**Data records**
*** Begin section ***

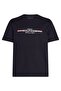 Men T-Shirts - 4
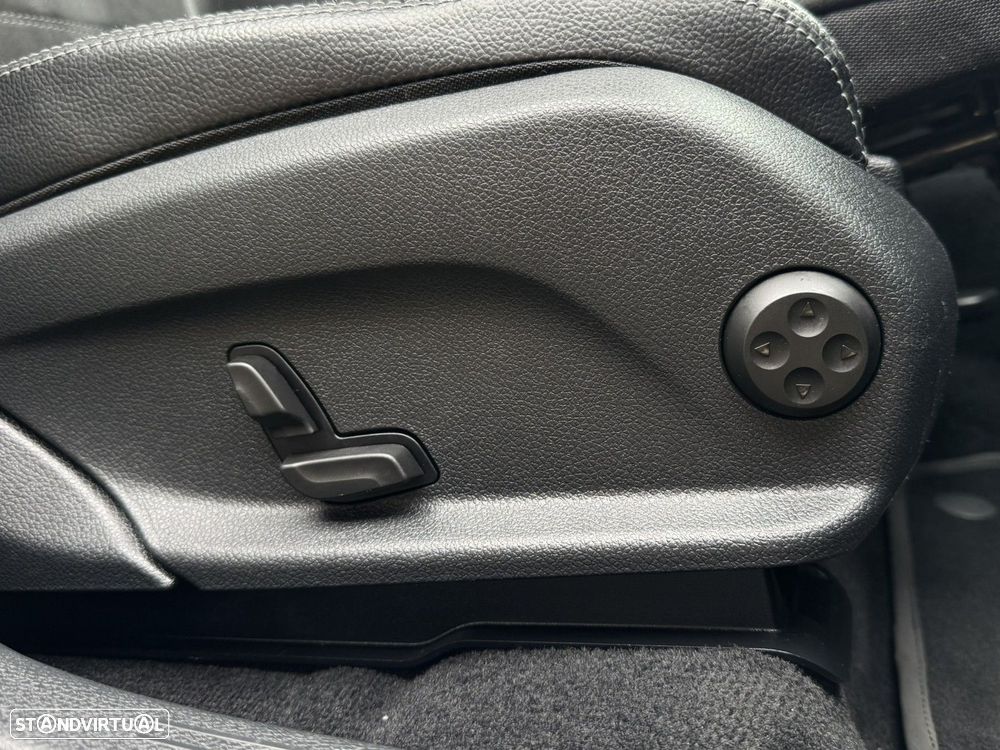 Mercedes-Benz GLC 220 d 4Matic - 18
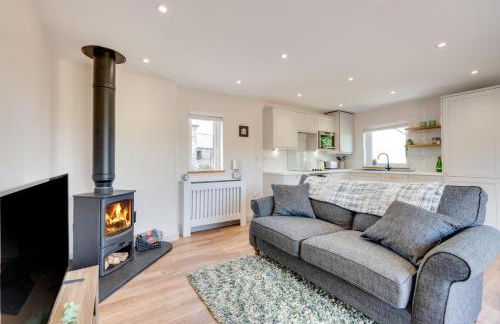 1 Bed in Abergele oc-wag204 - Foto 10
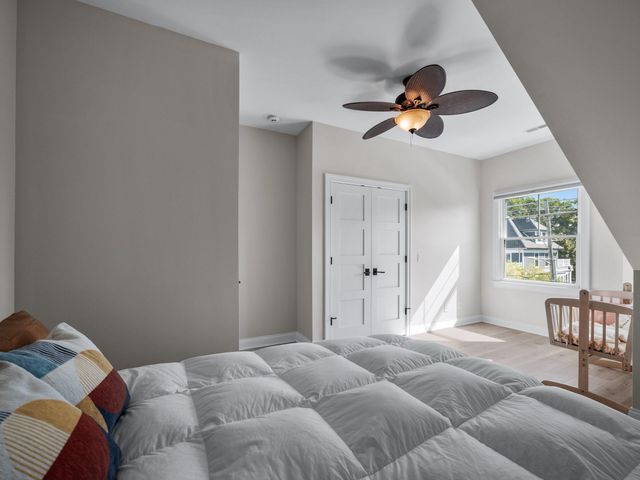 57 and 53 North Shore Drive, South Haven City, MI 49090
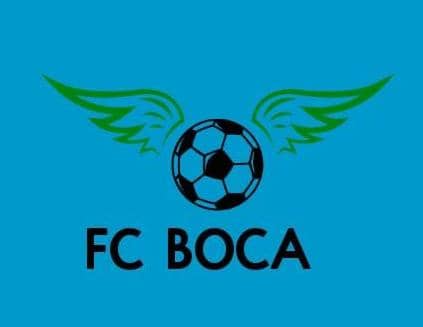 FC Boca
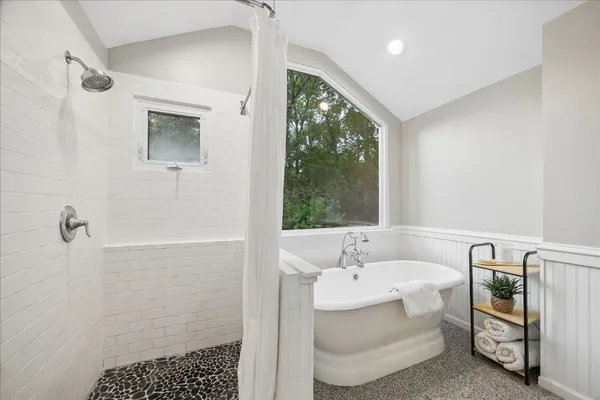 $629,000 | 11 Twisted Birch Pl Court, The Woodlands, TX 77381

*** End section ***

**Requirement**
Print the records exactly, every one. Leave out the pictures.

**The completed task**
 Men T-Shirts - 4
 Mercedes-Benz GLC 220 d 4Matic - 18
 1 Bed in Abergele oc-wag204 - Foto 10
 57 and 53 North Shore Drive, South Haven City, MI 49090
 FC Boca
 $629,000 | 11 Twisted Birch Pl Court, The Woodlands, TX 77381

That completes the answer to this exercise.